(Crawled caption data)
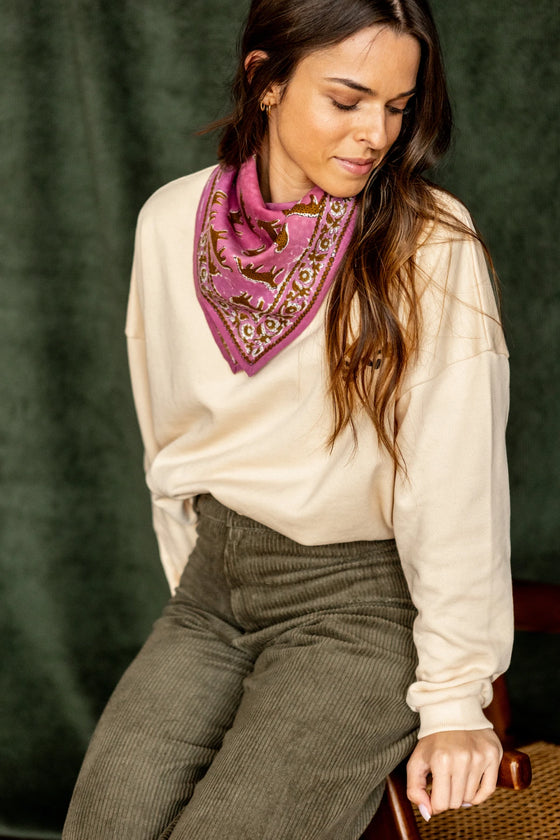 Petit foulard Manika Bengale Fuchsia Apaches Collections.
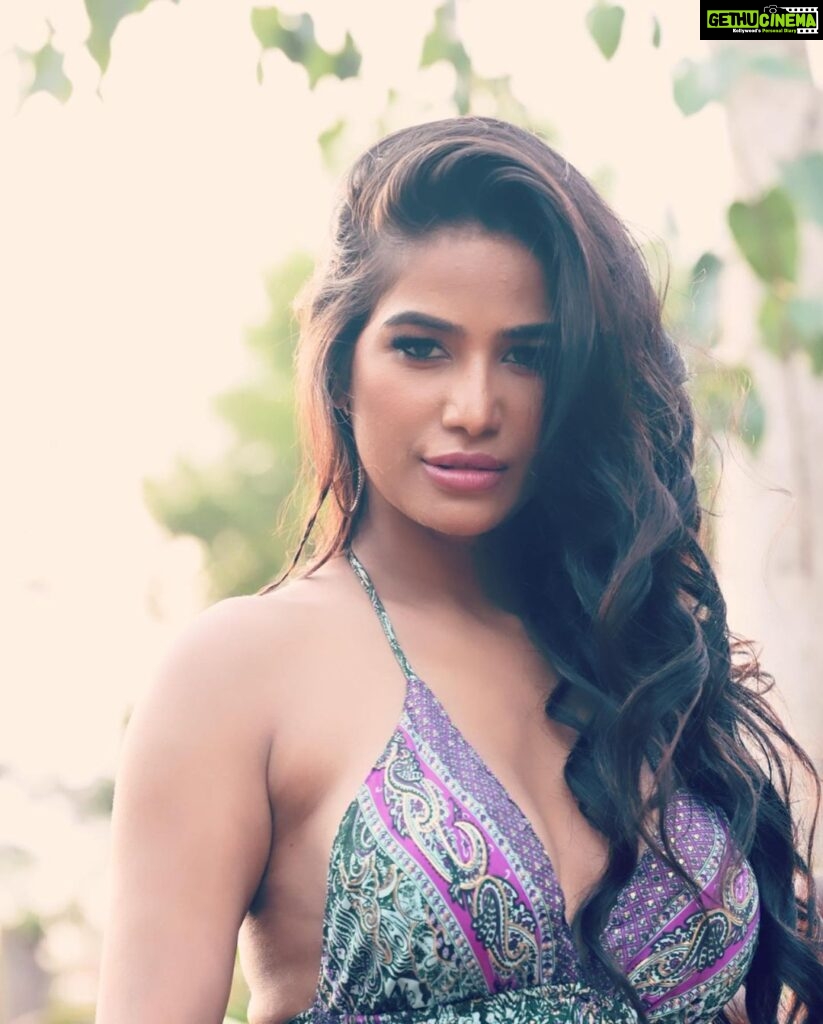 Poonam Pandey Instagram - You will never grow if you have to mourn every leaf that falls. . . #poonampandey #poonampandeyreal #quotes #quoteoftheday #beautiful #picture #nature #love #poonampandeyfans #poonampandeyfan❤️💋🔥🔥 #ppfans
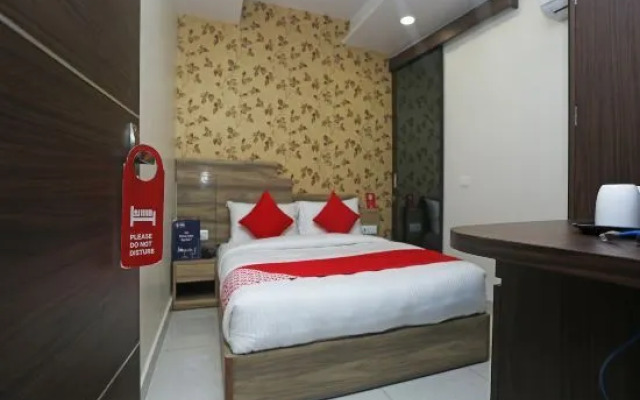 The Garden Side Inn by OYO Rooms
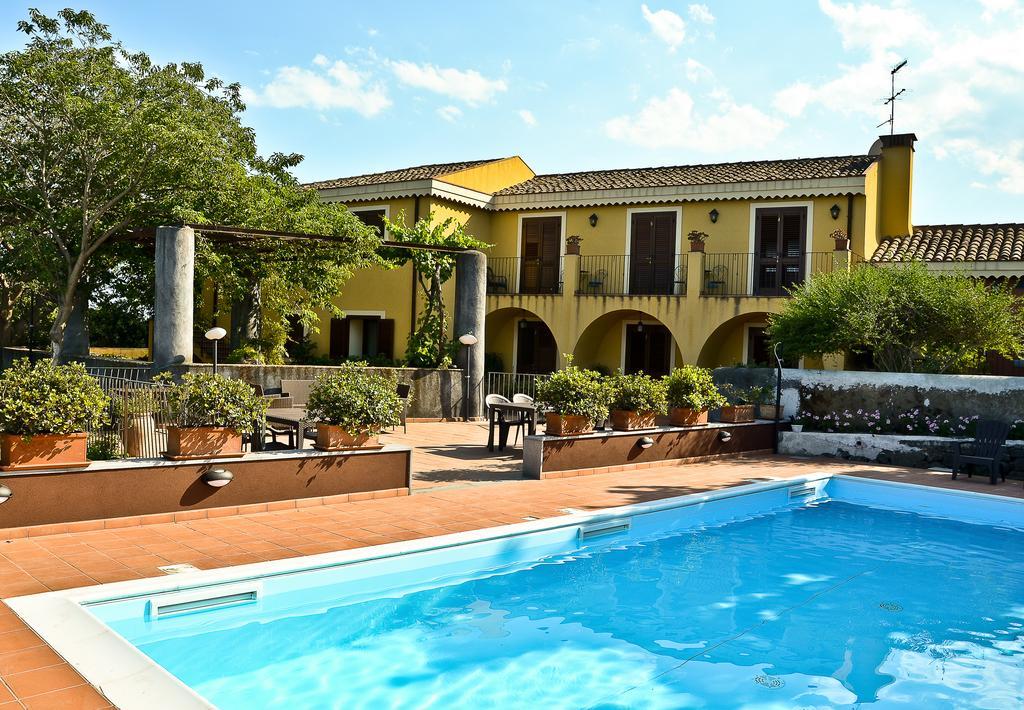 Villa La Terra Del Mezzo Riposto Exterior foto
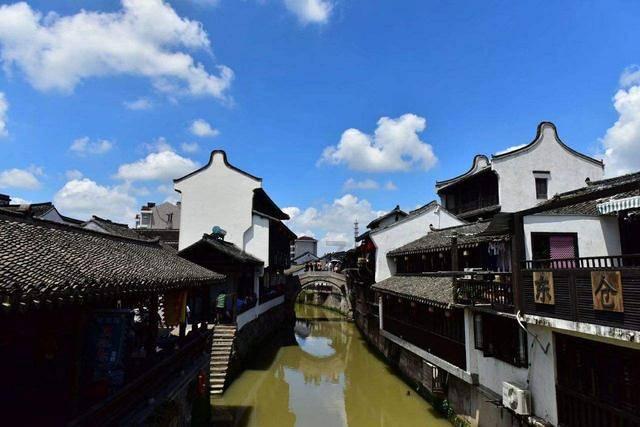 寻龙丨龙形拉花、财神咖啡……杭州这里的年味很吸引年轻人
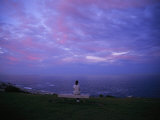 A Visitor Enjoys a Twilight View of the Maine Coast Photographie par Stephen St. John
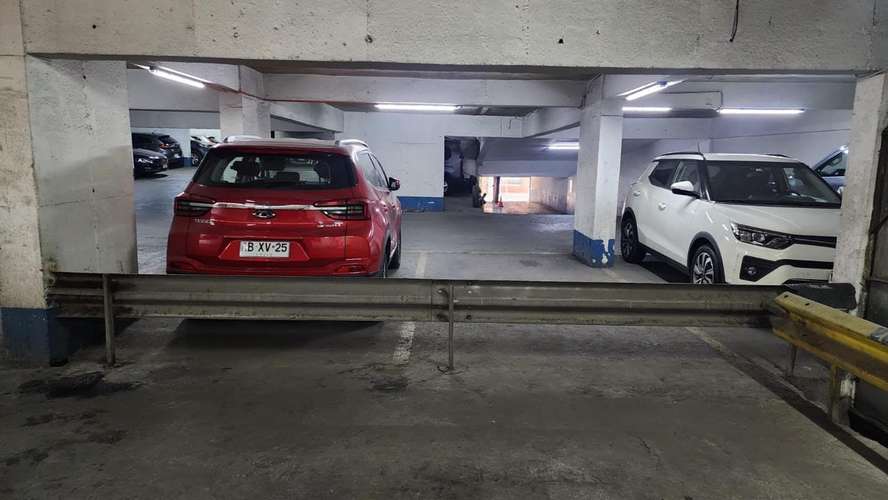 OPORTUNIAD!!! AMPLIO ESTACIONAMIENTO SANTIAGO CENTRO - Imagen 8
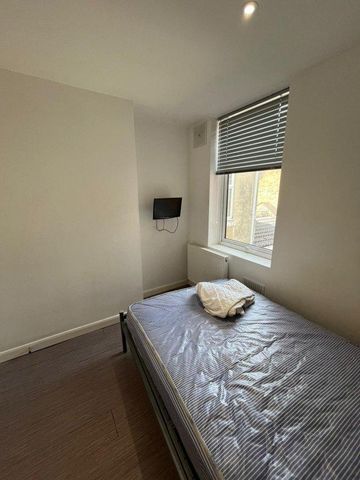 4 bedroom flat to rent - Photo 4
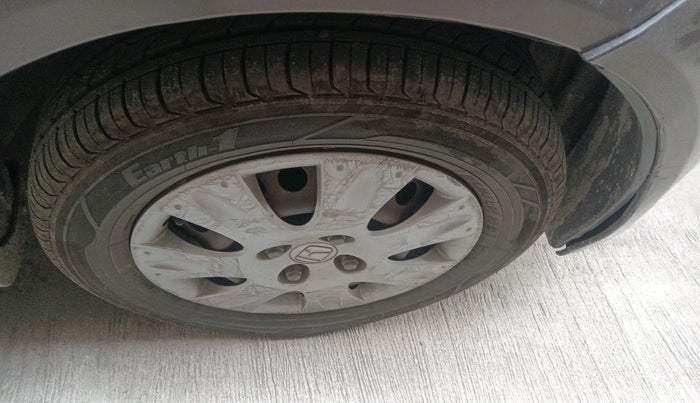 2014 Honda Amaze 1.2L I-VTEC S, Petrol, Manual, 71,450 km, tyre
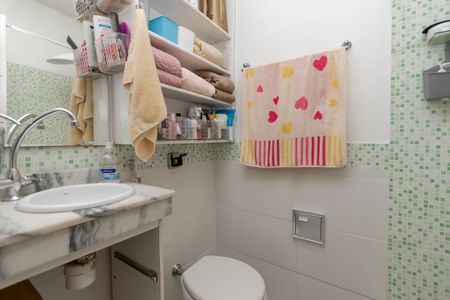 Casa à venda com 200m², 4 quartos e 2 vagas Casa à venda com 200m², 4 quartos e 2 vagasBanheiro da Suíte 2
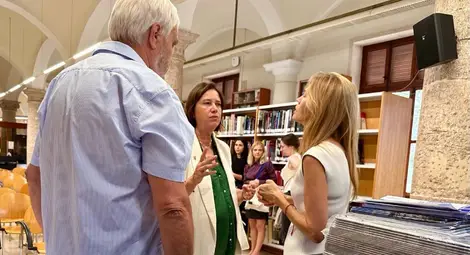 Книгата „Русе - за първи път в България“ с международен дебют на фестивал във Валенсия Книгата „Русе - за първи път в България“ с международен дебют на фестивал във Валенсия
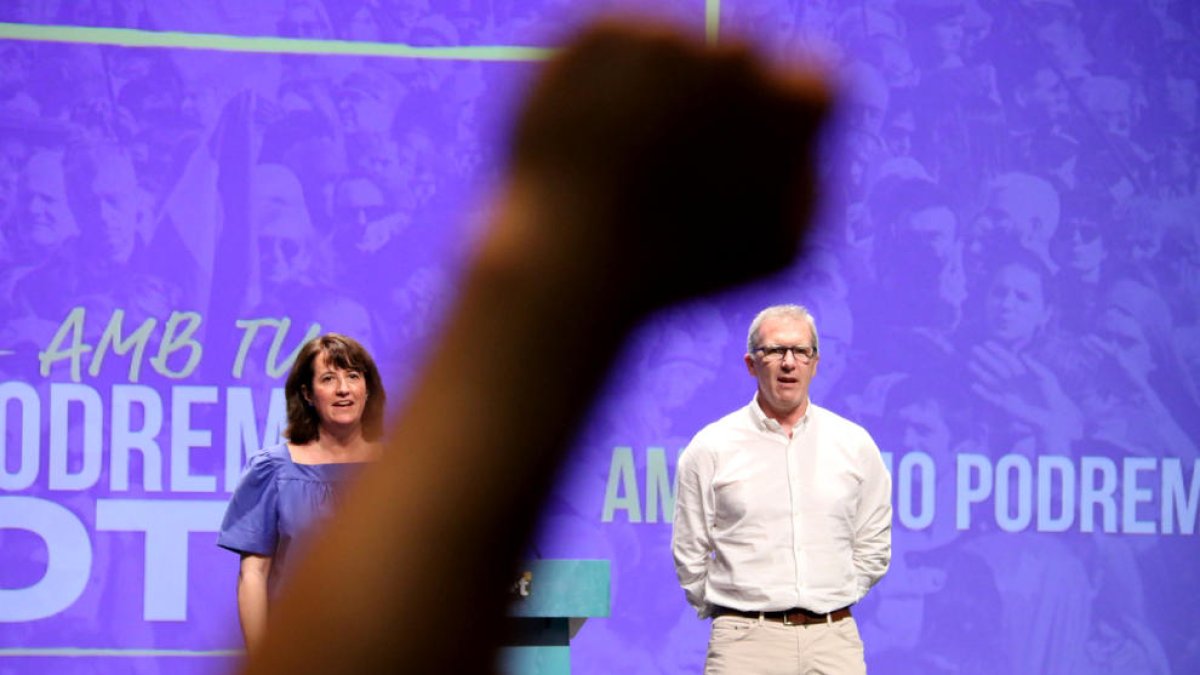 Acte ahir de l’ANC amb la presidenta, Elisensa Paluzie, i el vicepresident, David Fernández.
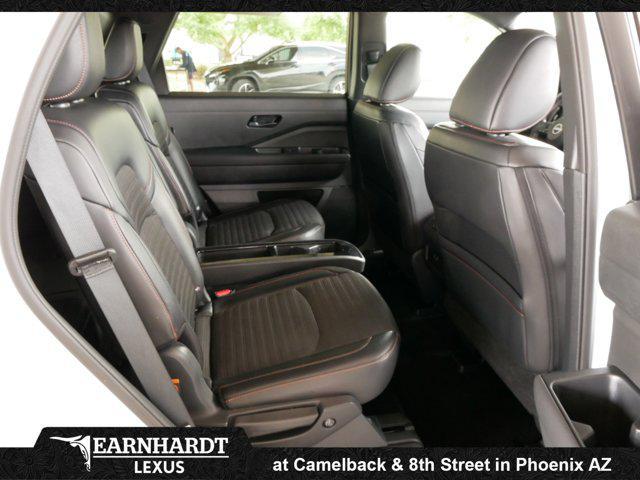 used 2025 Nissan Pathfinder car, priced at $39,900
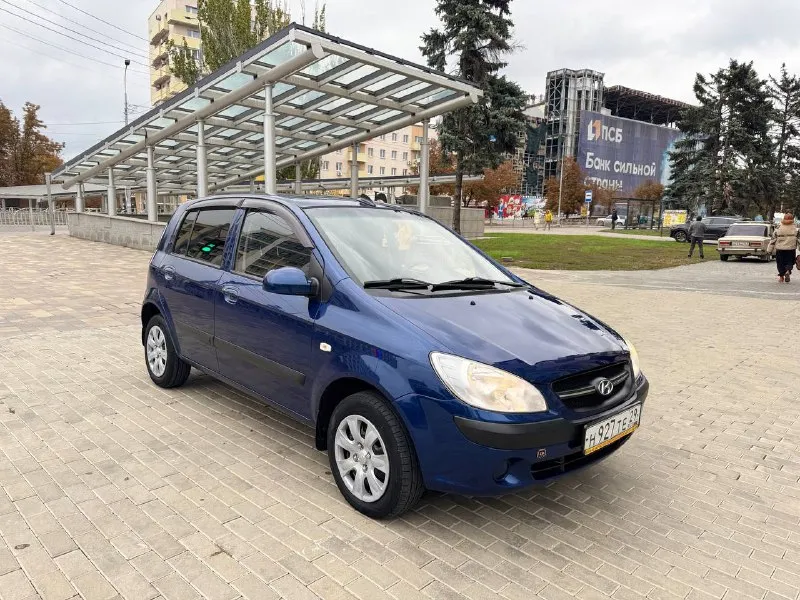 Продам hyundai getz 2011 год, в отличном состоянии, двигатель 1.4 кпп механика, расход до 7 литров по городу оригинальный пробег 180.000 км максимальная комплектация авто обслужена, заменены все фильтра масла грм, кузов без дтп и подкрасов, все заводское любые проверки, 4 эльктро стеклоподъемника, усилитель руля, датчик дождя, датчик света, кондиционер, подогревы зеркал, подогревы сидений, музыка сигнализация старлайн с автозапуском, сервисные книги документы в порядке, любое оформление, цена 595.000 осмотр (мариуполь )тел +79490371812 - фотография - 1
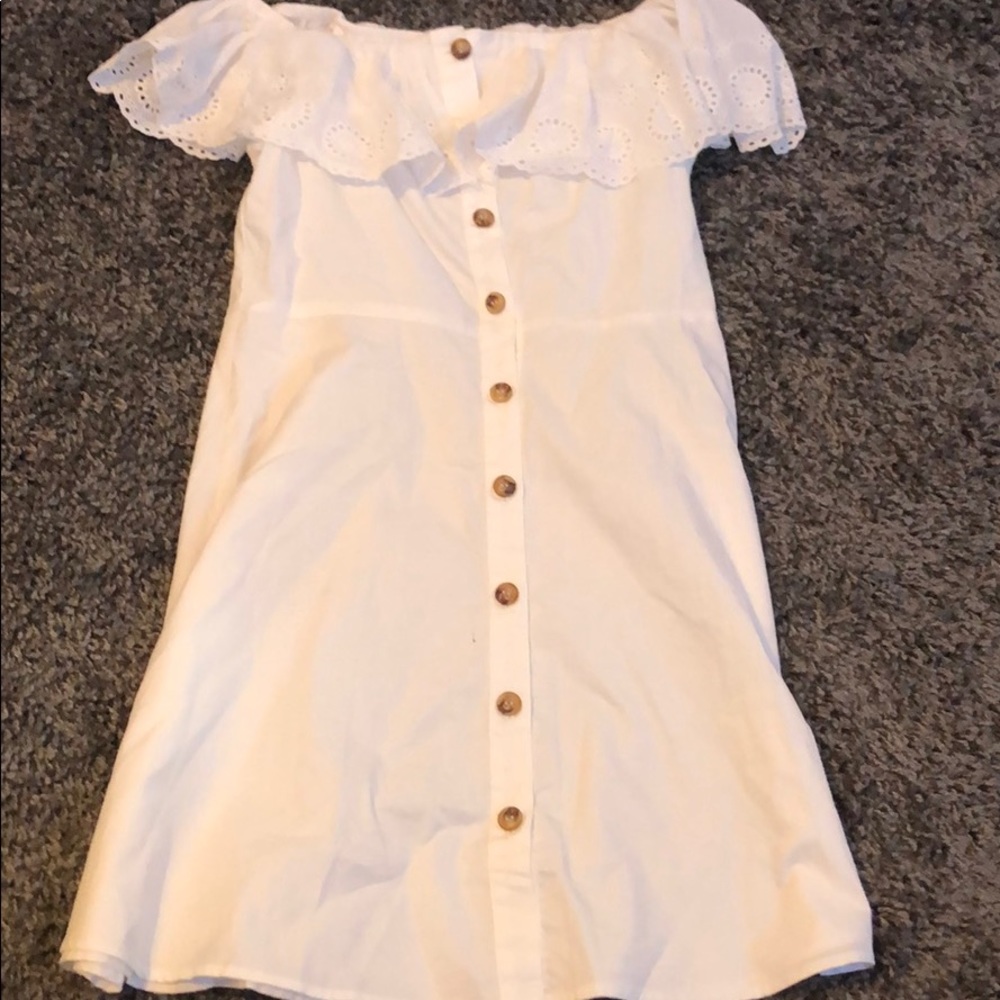 White with brown buttons large dress for girls
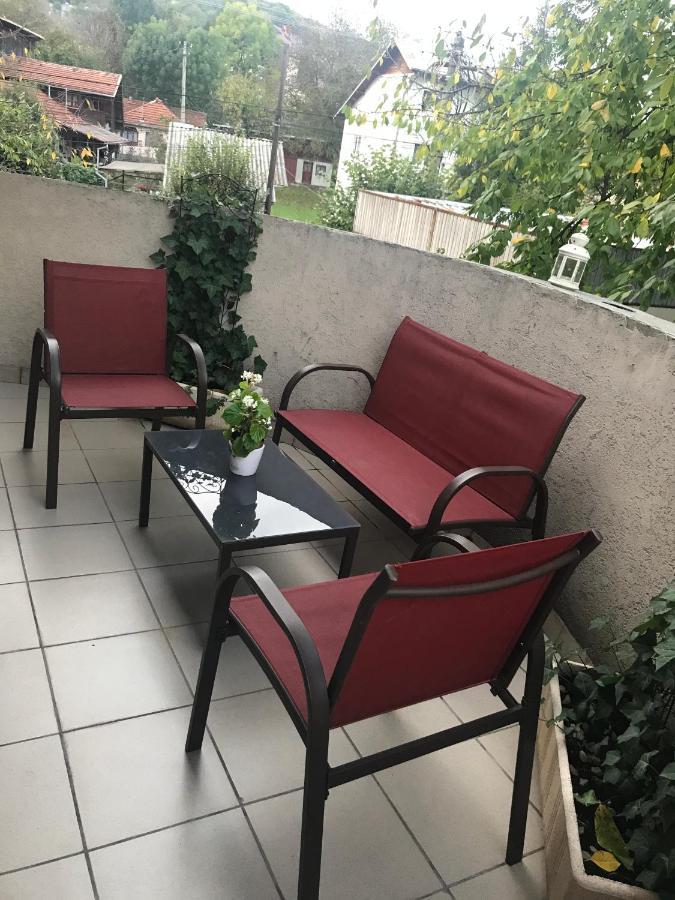 Appartamento Garsoniera Mandrilor Slănic Esterno foto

§ **Instructions to follow**: All lines above from the one containing "Acte ahir de" up to and including the one containing "used 2025 Nissan" are to be set down exactly, and nothing else. Leave images out.

§ **Answer**:
 Acte ahir de l’ANC amb la presidenta, Elisensa Paluzie, i el vicepresident, David Fernández.
 used 2025 Nissan Pathfinder car, priced at $39,900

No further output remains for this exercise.